[PROVIDED INFORMATION]
◇ ◇ ◇ ◇ ◇

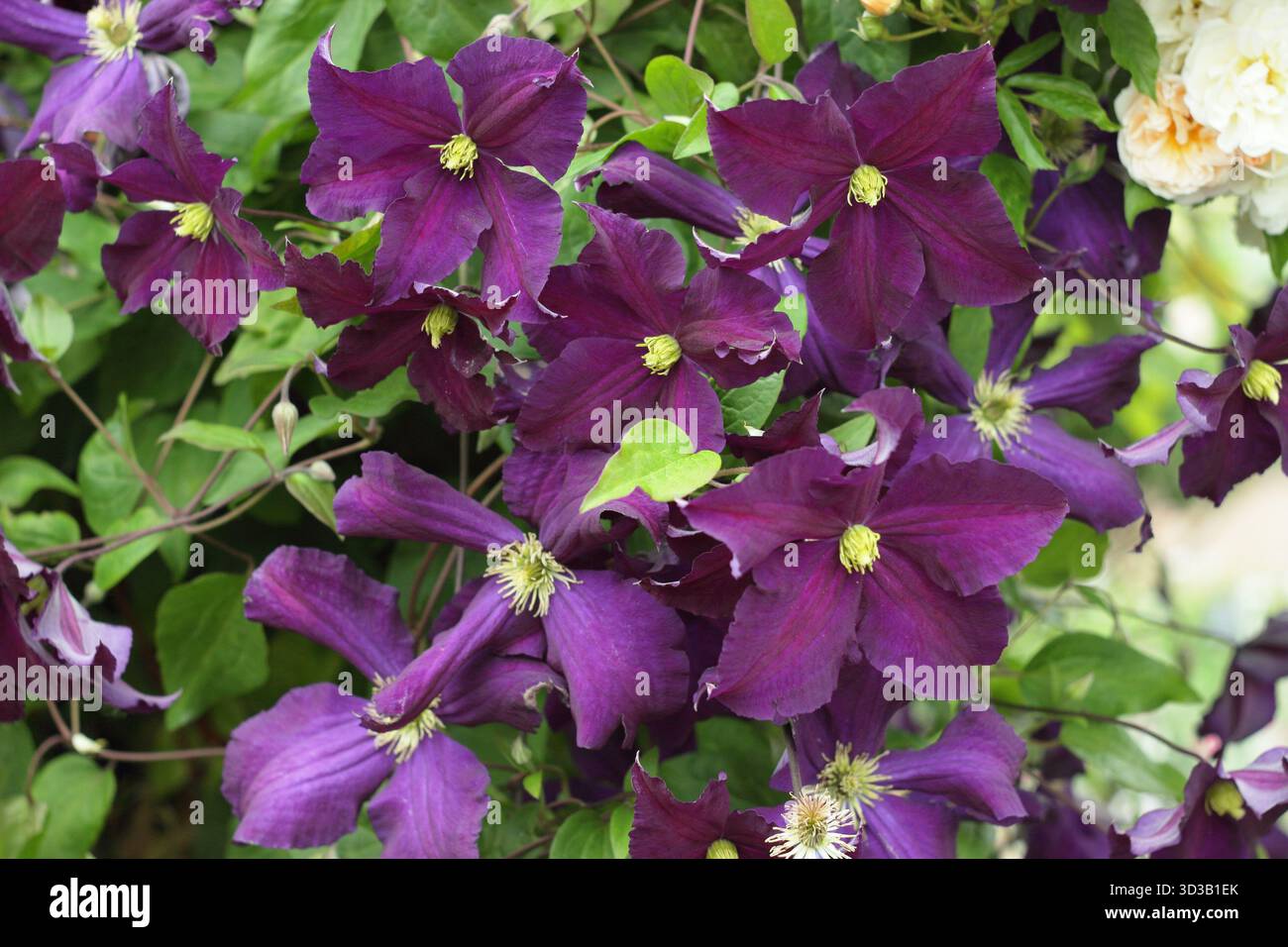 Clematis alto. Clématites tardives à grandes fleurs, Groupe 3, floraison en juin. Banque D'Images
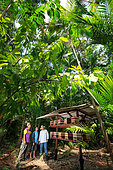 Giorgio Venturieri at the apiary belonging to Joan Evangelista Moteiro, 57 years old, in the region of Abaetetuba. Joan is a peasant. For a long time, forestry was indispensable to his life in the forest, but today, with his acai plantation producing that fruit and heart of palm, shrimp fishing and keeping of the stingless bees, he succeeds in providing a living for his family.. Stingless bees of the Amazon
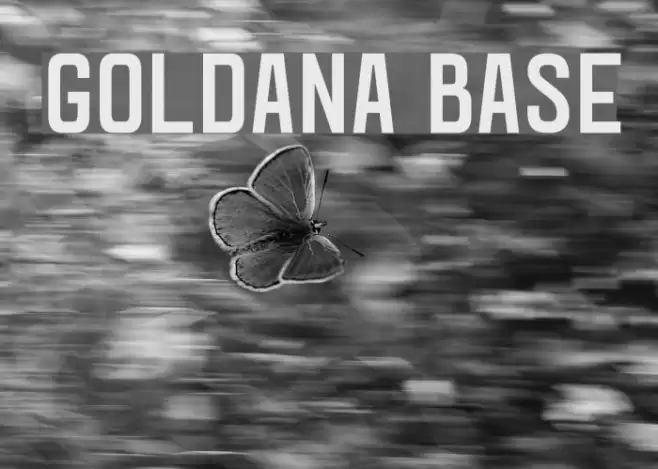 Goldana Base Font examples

◇ ◇ ◇ ◇ ◇

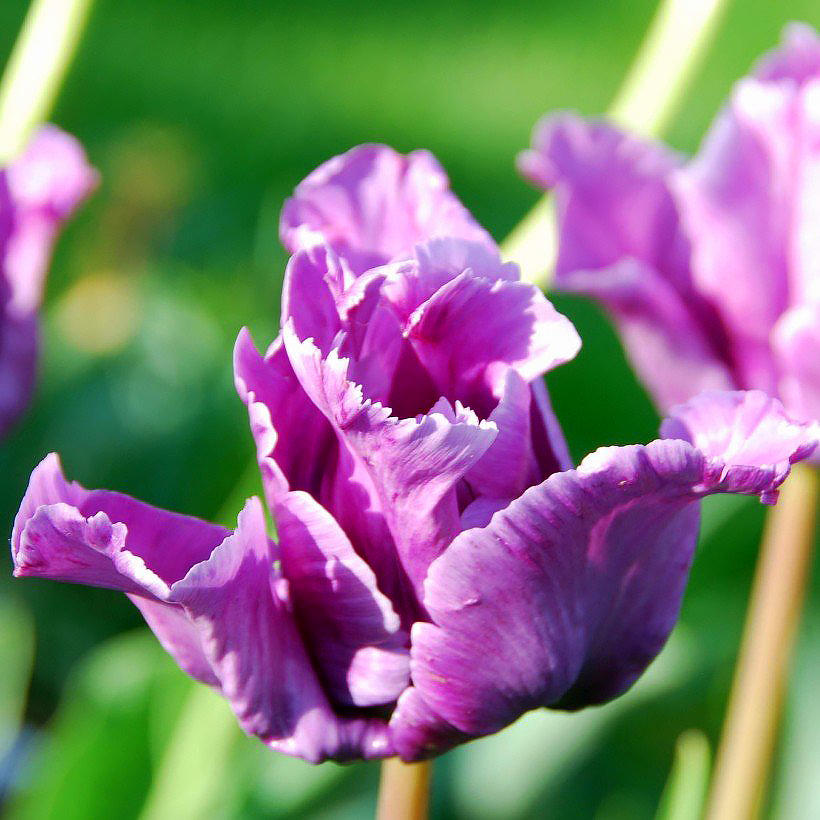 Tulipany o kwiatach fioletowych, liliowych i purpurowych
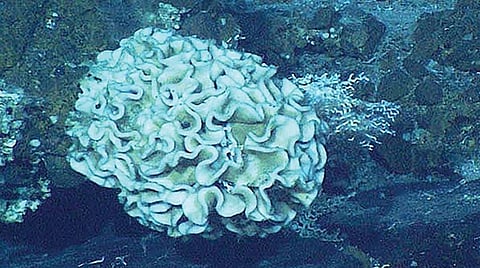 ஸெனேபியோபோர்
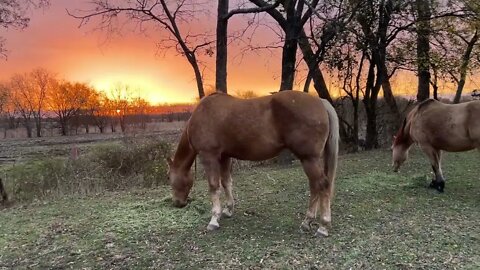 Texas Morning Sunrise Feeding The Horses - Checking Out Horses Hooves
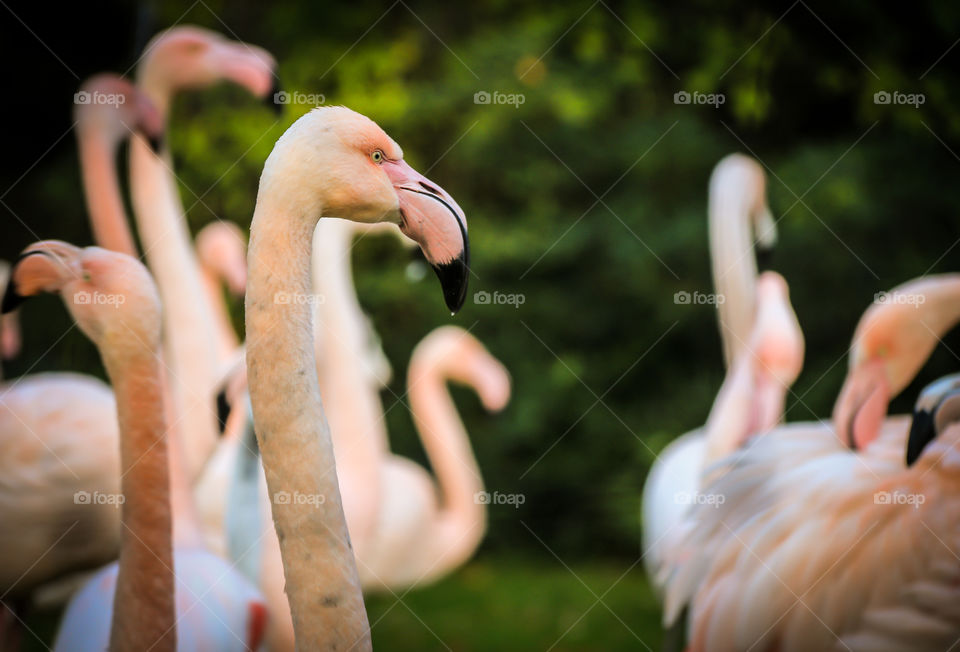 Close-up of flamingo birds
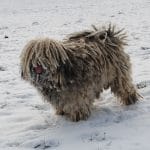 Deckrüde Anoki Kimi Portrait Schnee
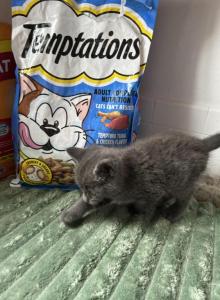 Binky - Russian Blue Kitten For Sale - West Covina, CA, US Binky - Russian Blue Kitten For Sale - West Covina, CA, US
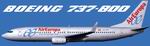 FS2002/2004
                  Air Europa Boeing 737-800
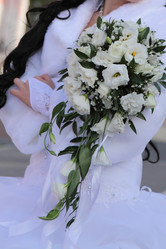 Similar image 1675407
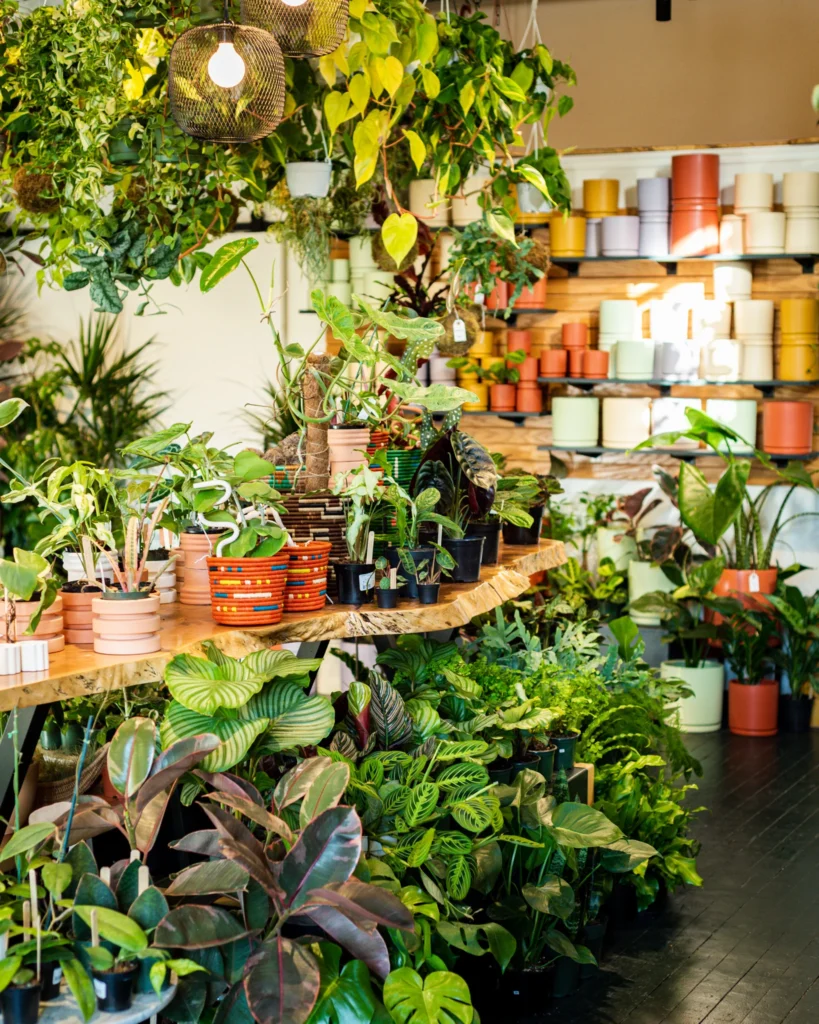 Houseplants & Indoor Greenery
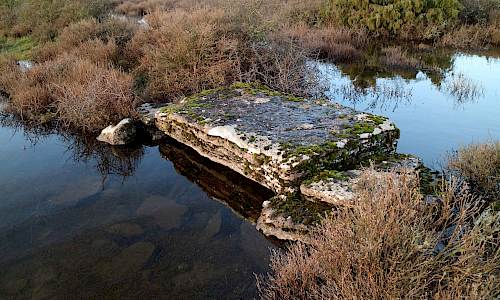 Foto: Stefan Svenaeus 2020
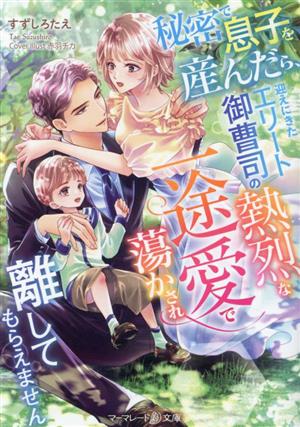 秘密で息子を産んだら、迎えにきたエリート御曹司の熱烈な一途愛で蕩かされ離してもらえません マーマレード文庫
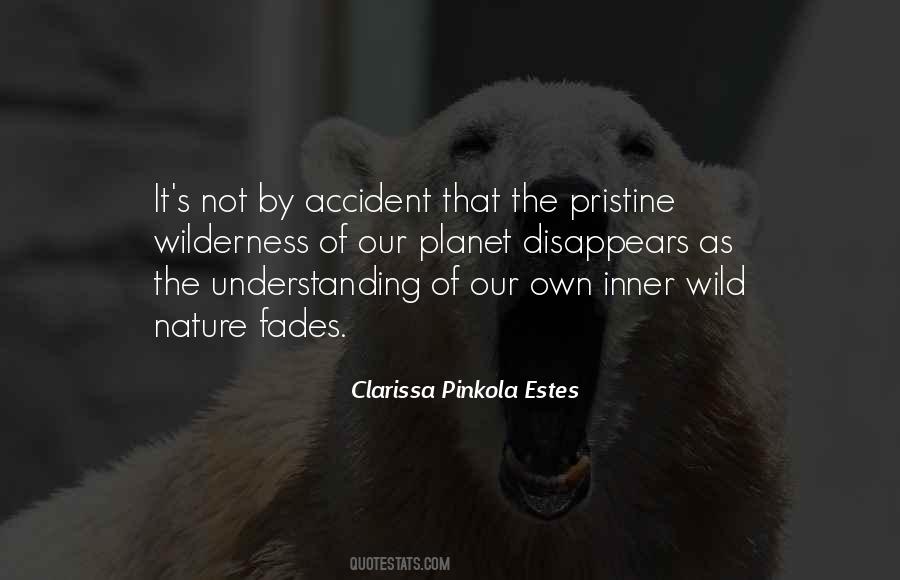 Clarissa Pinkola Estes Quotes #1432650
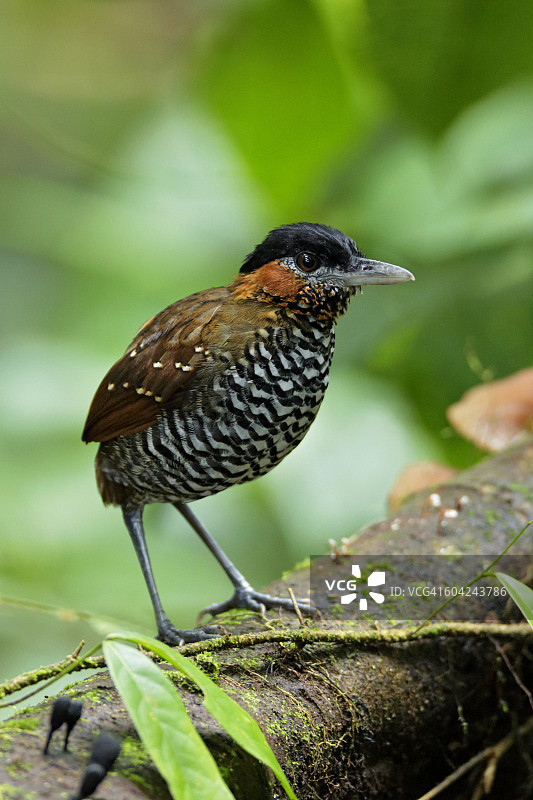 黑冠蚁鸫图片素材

◇ ◇ ◇ ◇ ◇

[WORK REQUEST]
Would you write out exactly the lines above, starting at the line containing "Clematis alto. Clématites" and stopping after the line containing "Goldana Base Font examples"? Omit the pictures.

[REPLY TO THE EXERCISE]
 Clematis alto. Clématites tardives à grandes fleurs, Groupe 3, floraison en juin. Banque D'Images
 Giorgio Venturieri at the apiary belonging to Joan Evangelista Moteiro, 57 years old, in the region of Abaetetuba. Joan is a peasant. For a long time, forestry was indispensable to his life in the forest, but today, with his acai plantation producing that fruit and heart of palm, shrimp fishing and keeping of the stingless bees, he succeeds in providing a living for his family.. Stingless bees of the Amazon
 Goldana Base Font examples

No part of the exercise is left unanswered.